The dreaded “It Depends” answer is the bane of existence for a lot of corporate communicators trying to get involved in social media.

We want shortcuts. We want a kit of parts, turn-key, that we can plug and play. (We did love the Chia Pet after all. Just add water.)

We’re accustomed to standards and rules of engagement and largely accepted practices that someone has captured in a textbook somewhere. We look to “best practices” and the road that someone has safely paved before us. It’s reassurance for us that we’re “doing it right”.

We want to know that our ideas are going to work before we execute them, because failure is some kind of subtle indication that we’re not very good at our jobs. We ask about ROI because faith isn’t an accepted business practice, and we’d much rather cover our asses with a case study (TM Chris Brogan) as a safety net in case we fall (“but it worked for them!”).

Here’s the thing, folks.

There is no kit of parts in social media. There are some examples of what works. There are examples of what didn’t work. The answer to “will this work for us” or “how should we get started listening” or “what’s the best way to engage our audience online” will always be this: it depends.

It depends on your business. Your goals. Your resources. Your culture, risk tolerance, openness to change, compliance and disclosure issues, industry, product, audience, management. Among other things. (And as a quick aside, there was no guarantee your dumb postcard campaign would work either. It’s just that other people did them lots, so it felt like an easier risk to take. After all, everyone else was doing it.)

What worked for them might not work for you. What failed for someone else might just be a key to your success.

The difficulty in social media is that there is no storied history yet. No decades of proven practices that are ubiquitous and consistent and infallible. And this makes us, as creatures of habit and security, painfully and remarkably uncomfortable.
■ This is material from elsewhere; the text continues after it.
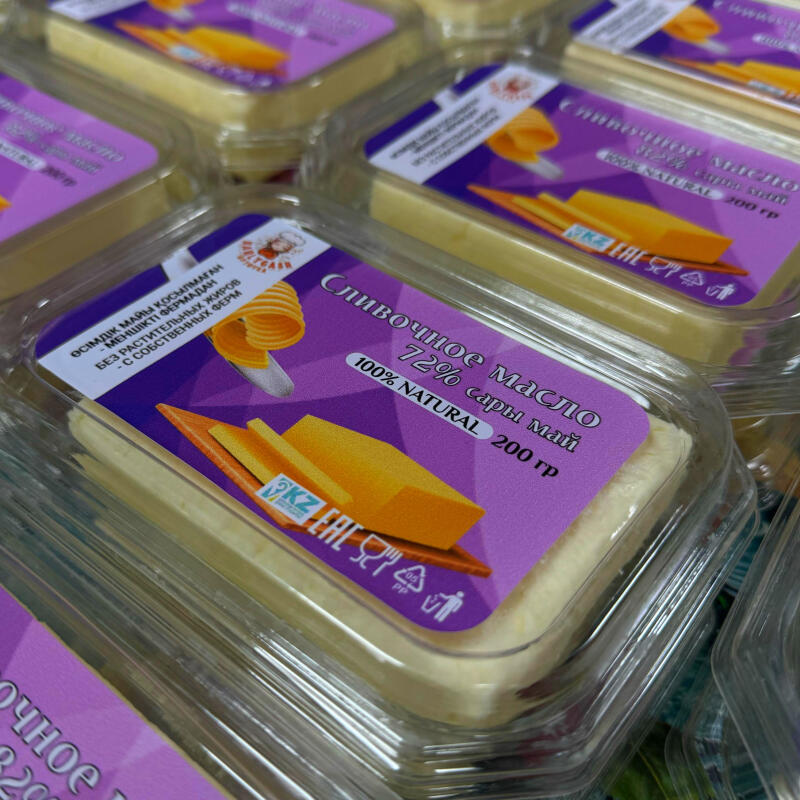 Packaged butter with a purple label that reads "Сливочное масло 72% сары май 100% NATURAL 200 гр" in Russian and English, along with an image of butter curls and a wedge.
But if you ask me whether or not you should have a YouTube channel, I’m going to tell you that it depends. If you ask me whether you should be on Twitter or whether you should be blogging or how to monetize this stuff or how it translates into sales, I’m going to tell you the same thing.

The best answer I can give you about your social media endeavors is actually a series of questions. The social media strategy you build will be based on your answers to a pile of smart questions about your business and your tolerance for a new approach.

So answer your own “It Depends” conundrum by trying these on for size:

Research and Groundwork

  • How are our customers using our existing online properties (website, email marketing, etc?)
  • Do we believe social media will have an impact? If so, in what way?
  • Why is social media of interest to us?
  • Is our industry ahead of the curve, behind it, or in the middle?
  • Is discussion about our brand positive, negative, or neutral? Are we being talked about at all?
  • Who in the organization needs this information, and what do they need to see?
  • How does what you learn through listening touch each area of the company?

Auditing and Readiness Assessment

  • How do we as a company feel about opening up the dialogue with our customers?
  • What do we perceive as the biggest obstacles to our adoption of social media practices?
  • What approaches can we take that are evolutions of our current practices (vs. complete overhauls)?
  • Who on our staff is most enthusiastic and passionate about talking to customers?
  • How well do we communicate internally, cross departmentally? Do we need to improve this first?

Goal Setting

  • What are our measures for success? (qualitative and quantitative)
  • Who do we want to reach and why? And beyond customers and prospects, how about suppliers, vendors, partners?
  • What do we want from them?
  • What are we giving back that has nothing to do with our product/service?
  • What data do we want/need to gather during our efforts?

Resource Planning

  • How much time and money are we expecting to dedicate to this?
  • What are we spending for technology, development and tools vs. human resources to activate communications plan?
  • Who are the point people, and what are their roles? Who are the “faces” of the organization online, and where?
  • Are we ok with not seeing an immediate and direct return on the money we spend, and are we looking at this as a short term or long term investment?
  • Can we afford to keep part of our allocated $ budget flexible to respond to evolving needs?
  • If we’re successful with social media, can we scale our interactions to continue to meet higher expectations? How?
  • Are we flexible enough within roles/responsibilities to shift them as needed to accommodate what we learn from social media?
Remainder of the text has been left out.